NRA chief lobbyist Chris W. Cox said the rifle association will take the firearms bureau to court. “ATF and the administration lack the statutory authority to do this, and the NRA will file suit as soon as ATF sends the first demand letters” to dealers, Cox said.
The administration has been loath to take on the gun lobby, and one gun control group, the Brady Campaign to Prevent Gun Violence, has given Obama a failing grade on gun violence. But pro-gun activists seized on the decision, made by the White House Office of Management and Budget, to accuse the administration of trying to take attention away from a bungled ATF anti-smuggling operation.
Congress is investigating the ATF operation, code-named “Fast and Furious,” which aimed to take down cartels trading in drugs and guns. ATF leaders say they made mistakes in their strategy of letting obvious straw buyers continue to make purchases once they had been tagged as suspected gunrunners for Mexican cartels.
The Washington Post reported in February that two guns linked to the Fast and Furious investigation were found at the scene of the killing of a Border Patrol agent.
Many current and former ATF agents said that if the new reporting rule had already been in place, it might have deterred the types of mistakes made in Fast and Furious.
ATF estimates that the rule will generate as many as 18,000 reports annually, which are to be used as leads for agents on the lookout for straw purchasers — people who claim to be true buyers of weapons when they actually are buying them for others. Without the rule, ATF must rely on those gun dealers who agree to cooperate — something they managed in Fast and Furious.
“This is exactly what ATF agents on the ground told Congress — that reporting multiple sales of military-grade assault weapons is a crucial tool to identify and disrupt Mexican drug cartels engaged in gun trafficking,” said Rep.

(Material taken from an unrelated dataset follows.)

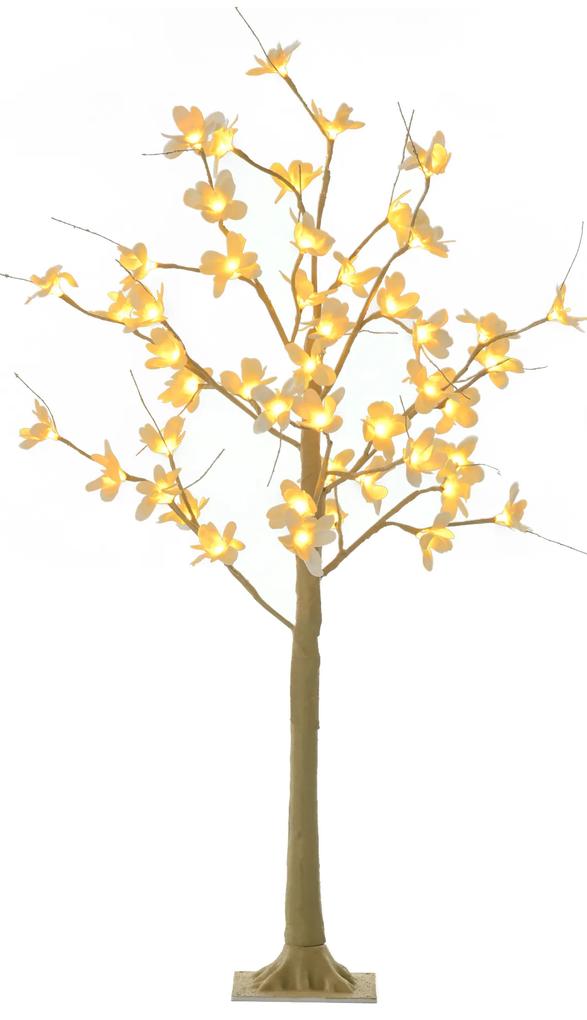 HOMCOM Árvore Cerejeira Altura 120 com 48 Luzes LED IP44 em Branco Quente Ramos Flexíveis e Base de Candeeiro Árvore de Decoração de Natal para Interiores 18x18x120cm Cáqui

Elijah E. Cummings of Maryland, the top Democrat on the House Oversight Committee.
But the congressman leading the investigation into the ATF operation disagreed. “In Operation Fast and Furious, gun dealers didn’t need this regulation, as they voluntarily provided ATF agents with information about suspected straw purchasers,” said Rep. Darrell Issa (R-Calif.), chairman of the House Oversight Committee.